Белорусское зеркало - страница 20

стр.

Хорошо, что страна небольшая, много дров не наломаешь при всем желании. Такую страну можно взять и на семейный подряд: ограниченность территории повышает управляемость на порядок. Иными словами, органичность пространства сама по себе “лечит” власть на предмет вменяемости. Вот на чем, между прочим, настаивали все мои собеседники: вам в России неведомо, что такое цельность и органичность пространства. А мы за пятнадцать лет независимости очень даже прочувствовали и заценили, поскольку власть, в отличие от пространства, величина переменная. В конце концов, батька уйдет, а страна и народ останутся.

Это мне русским языком было сказано. Неоднократно.

Врастание в пространство собственной обретенной страны — процесс интимный и массовый одновременно. Он захватывает отнюдь не только элиту. Это волнующий, приподнято-приятный процесс необратимых подвижек в коллективном и индивидуальном сознании. Его можно сравнить с тотальным переселением из коммуналок в собственные квартиры. От бытовых проблем, семейных неурядиц и даже тоски по прошлому такое переселение не страхует, но что-то я не припомню, чтобы люди добровольно возвращались из собственных квартир в коммуналки. Так не бывает.

Независимость — главное упование белорусов на лучшую жизнь. С Россией или без России, если на то пошло. Тяга к России, надежды на Россию, привычка к России пока что достаточно сильны — но я бы, на месте московских политиков, не стал рисковать нашей близостью, сталкивая между собой надежды и упования белорусов. Проверять нашу близость на разрыв чувств было бы непростительной авантюрой.

Вернувшись в Москву, я подсчитал, сколько водки мы выпили с белорусскими деловарами — и не поверил. Пересчитал по новой — и опять не поверил. Но ужаснулся. Уж больно не по-европейски это выглядело на трезвую голову… Чисто по-нашему.

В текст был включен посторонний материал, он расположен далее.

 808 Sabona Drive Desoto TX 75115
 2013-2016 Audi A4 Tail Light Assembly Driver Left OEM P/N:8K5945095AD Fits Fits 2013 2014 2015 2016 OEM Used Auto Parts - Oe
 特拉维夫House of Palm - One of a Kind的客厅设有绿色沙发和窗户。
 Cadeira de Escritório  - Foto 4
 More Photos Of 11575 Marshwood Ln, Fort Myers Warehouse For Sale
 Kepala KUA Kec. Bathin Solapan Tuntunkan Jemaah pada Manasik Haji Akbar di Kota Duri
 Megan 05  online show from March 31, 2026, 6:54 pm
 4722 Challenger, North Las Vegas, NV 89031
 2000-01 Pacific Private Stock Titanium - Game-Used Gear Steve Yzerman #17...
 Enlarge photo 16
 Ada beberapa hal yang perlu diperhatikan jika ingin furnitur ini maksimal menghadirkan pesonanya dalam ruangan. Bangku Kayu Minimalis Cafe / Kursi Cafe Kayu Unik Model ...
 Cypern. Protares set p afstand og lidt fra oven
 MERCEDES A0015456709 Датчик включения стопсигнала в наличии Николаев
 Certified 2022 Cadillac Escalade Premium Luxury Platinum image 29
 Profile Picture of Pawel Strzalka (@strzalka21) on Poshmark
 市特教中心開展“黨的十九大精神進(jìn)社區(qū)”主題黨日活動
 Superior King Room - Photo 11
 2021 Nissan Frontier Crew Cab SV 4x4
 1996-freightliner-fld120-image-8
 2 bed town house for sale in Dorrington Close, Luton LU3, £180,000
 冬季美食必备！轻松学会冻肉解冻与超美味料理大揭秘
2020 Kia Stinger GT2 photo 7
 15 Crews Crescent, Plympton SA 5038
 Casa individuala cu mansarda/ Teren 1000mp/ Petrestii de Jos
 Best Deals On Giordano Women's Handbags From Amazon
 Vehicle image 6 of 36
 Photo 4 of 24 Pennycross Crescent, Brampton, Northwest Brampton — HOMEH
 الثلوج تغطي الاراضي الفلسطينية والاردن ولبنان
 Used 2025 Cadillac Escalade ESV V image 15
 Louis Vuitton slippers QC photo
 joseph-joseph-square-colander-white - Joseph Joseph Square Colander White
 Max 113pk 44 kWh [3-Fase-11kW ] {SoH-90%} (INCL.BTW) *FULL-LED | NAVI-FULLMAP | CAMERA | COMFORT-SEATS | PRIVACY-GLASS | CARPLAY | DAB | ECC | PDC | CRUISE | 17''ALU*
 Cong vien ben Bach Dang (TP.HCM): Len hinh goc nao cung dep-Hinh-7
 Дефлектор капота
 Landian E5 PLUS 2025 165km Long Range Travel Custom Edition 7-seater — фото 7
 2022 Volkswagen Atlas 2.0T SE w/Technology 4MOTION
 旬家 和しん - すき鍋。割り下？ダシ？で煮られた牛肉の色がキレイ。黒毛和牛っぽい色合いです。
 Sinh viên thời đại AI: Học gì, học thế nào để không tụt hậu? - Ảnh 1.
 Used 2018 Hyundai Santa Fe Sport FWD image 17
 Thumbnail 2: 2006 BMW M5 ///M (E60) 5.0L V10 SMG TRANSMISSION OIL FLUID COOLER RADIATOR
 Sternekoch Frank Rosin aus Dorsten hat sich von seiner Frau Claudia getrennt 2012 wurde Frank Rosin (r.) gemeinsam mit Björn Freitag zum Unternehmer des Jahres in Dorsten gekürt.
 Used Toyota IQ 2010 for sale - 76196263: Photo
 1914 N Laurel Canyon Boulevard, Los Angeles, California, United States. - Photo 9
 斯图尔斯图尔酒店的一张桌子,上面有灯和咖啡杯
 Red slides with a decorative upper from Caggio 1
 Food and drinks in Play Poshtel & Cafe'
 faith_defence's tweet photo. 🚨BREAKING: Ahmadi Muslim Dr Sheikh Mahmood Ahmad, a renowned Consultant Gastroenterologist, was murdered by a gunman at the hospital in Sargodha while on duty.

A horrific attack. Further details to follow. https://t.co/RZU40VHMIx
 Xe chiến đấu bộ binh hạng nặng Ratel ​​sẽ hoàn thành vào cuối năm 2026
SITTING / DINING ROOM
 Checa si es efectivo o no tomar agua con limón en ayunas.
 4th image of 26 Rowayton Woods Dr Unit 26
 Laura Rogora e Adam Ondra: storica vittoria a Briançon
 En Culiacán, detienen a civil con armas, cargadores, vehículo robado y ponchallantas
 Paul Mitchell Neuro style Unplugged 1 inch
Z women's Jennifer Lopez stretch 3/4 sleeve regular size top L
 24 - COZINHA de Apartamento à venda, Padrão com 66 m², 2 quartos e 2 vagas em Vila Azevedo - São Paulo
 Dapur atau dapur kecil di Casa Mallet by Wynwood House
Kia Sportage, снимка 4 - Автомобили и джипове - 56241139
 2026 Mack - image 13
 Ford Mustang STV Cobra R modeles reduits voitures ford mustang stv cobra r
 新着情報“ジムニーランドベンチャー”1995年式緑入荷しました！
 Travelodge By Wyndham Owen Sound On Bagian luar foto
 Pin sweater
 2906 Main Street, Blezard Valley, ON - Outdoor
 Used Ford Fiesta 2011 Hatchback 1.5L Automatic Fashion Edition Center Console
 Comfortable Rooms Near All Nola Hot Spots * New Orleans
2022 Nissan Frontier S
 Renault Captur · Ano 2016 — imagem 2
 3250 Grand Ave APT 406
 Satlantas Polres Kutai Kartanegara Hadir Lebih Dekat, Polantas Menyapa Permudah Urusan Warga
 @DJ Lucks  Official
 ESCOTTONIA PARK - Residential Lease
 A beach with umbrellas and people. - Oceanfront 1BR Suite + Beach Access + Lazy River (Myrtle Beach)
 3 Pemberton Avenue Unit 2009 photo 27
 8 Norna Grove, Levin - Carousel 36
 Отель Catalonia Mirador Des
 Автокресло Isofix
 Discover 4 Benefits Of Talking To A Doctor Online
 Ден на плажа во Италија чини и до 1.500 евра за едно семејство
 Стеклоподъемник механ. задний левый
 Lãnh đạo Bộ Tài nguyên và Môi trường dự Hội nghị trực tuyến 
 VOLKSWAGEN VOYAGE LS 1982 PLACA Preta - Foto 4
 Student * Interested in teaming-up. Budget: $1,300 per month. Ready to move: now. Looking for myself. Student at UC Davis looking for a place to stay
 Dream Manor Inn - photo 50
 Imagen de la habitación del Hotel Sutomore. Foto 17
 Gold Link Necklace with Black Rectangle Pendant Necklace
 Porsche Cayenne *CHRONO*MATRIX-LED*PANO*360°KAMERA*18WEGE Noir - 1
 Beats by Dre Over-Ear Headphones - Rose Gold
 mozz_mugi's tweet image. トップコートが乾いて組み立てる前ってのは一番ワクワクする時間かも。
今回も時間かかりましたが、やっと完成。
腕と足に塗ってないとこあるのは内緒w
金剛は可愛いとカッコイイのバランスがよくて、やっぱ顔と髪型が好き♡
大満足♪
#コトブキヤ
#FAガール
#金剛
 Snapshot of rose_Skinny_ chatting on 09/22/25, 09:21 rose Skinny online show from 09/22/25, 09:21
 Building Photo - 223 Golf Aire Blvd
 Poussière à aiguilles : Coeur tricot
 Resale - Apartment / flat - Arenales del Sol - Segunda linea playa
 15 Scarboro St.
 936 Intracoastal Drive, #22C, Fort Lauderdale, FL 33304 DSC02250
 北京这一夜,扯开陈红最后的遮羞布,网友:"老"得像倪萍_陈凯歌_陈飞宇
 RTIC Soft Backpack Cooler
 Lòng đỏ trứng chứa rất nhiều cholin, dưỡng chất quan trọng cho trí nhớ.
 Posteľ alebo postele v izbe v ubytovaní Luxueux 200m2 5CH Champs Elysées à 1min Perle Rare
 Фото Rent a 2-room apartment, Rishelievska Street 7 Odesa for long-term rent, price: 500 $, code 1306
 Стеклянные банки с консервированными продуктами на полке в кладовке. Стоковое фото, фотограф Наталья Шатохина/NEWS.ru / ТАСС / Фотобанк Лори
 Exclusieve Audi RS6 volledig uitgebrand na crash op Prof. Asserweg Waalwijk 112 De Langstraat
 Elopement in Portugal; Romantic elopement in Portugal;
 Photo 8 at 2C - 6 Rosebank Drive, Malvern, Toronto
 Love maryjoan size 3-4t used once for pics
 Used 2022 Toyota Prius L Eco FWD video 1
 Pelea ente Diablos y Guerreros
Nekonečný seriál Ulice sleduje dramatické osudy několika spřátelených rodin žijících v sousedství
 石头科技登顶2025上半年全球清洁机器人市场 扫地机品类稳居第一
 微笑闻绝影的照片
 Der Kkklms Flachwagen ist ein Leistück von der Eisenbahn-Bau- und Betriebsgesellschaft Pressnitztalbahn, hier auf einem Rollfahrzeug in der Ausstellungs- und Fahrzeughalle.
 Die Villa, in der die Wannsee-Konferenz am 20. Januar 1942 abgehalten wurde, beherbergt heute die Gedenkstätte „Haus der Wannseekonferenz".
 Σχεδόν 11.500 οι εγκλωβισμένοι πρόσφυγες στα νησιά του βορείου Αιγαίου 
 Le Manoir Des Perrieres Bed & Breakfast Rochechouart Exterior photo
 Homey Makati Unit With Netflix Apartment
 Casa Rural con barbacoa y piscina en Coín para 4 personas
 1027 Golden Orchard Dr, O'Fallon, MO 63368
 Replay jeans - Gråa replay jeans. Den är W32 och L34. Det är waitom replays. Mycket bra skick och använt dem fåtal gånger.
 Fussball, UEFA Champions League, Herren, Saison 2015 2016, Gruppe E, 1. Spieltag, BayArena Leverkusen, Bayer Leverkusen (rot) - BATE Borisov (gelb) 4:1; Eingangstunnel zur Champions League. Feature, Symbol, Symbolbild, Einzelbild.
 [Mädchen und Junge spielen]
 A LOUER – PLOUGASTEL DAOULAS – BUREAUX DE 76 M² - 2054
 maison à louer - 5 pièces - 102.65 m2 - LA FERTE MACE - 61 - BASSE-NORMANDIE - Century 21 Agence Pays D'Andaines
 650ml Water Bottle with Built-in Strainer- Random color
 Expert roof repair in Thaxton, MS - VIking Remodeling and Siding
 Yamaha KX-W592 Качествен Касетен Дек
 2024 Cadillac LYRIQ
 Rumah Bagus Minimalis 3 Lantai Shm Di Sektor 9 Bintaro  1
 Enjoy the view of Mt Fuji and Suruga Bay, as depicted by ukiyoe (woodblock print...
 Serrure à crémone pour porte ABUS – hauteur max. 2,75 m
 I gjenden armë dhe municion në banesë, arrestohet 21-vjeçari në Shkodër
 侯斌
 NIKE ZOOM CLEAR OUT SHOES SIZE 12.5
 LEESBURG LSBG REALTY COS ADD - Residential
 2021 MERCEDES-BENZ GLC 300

Глава седьмая. Райцентр на семи холмах


Наши общие предки, без затей именовавшие себя русскими, были большими оригиналами: единственный народ, который в своем развитии двигался с запада на восток — навстречу солнцу. Прочие народы, оставившие след в истории, неведомой вселенской силой влеклись посолонь (проще говоря — на закат). В результате мы имеем не только направление пасхального хода, но и историю с географией. А именно — белорусские райцентры почти сплошь ровесники или старшие братья Москвы. Проезжая Туров, Пинск, Слуцк, какой-нибудь там Давид-Городок на реке Горыни (основанный, между прочим, князем Давыдом Игоревичем, главным фигурантом по делу об ослеплении Василька Теребовльского), не без удивления убеждаешься, что все эти легендарные, знакомые в основном по древнерусским летописям города существуют и по сей день, существуют реально, а не только как исторические артефакты. То есть какие-то люди тут рождаются, живут и, стало быть, вовлечены в современные экономические и политические механизмы, хотя сами городишки давно пребывают в глубоком историческом обмороке, по большому счету, в безвестности, более того — за границей. Вот что такое, к примеру, современный Мстиславль? Само звукосочетание — Мстиславль — необыкновенно благозвучно и что-то такое в русском человеке затрагивает… Нутряное. А что говорит русскому уху “современный Мстиславль”? Да пожалуй что ничего.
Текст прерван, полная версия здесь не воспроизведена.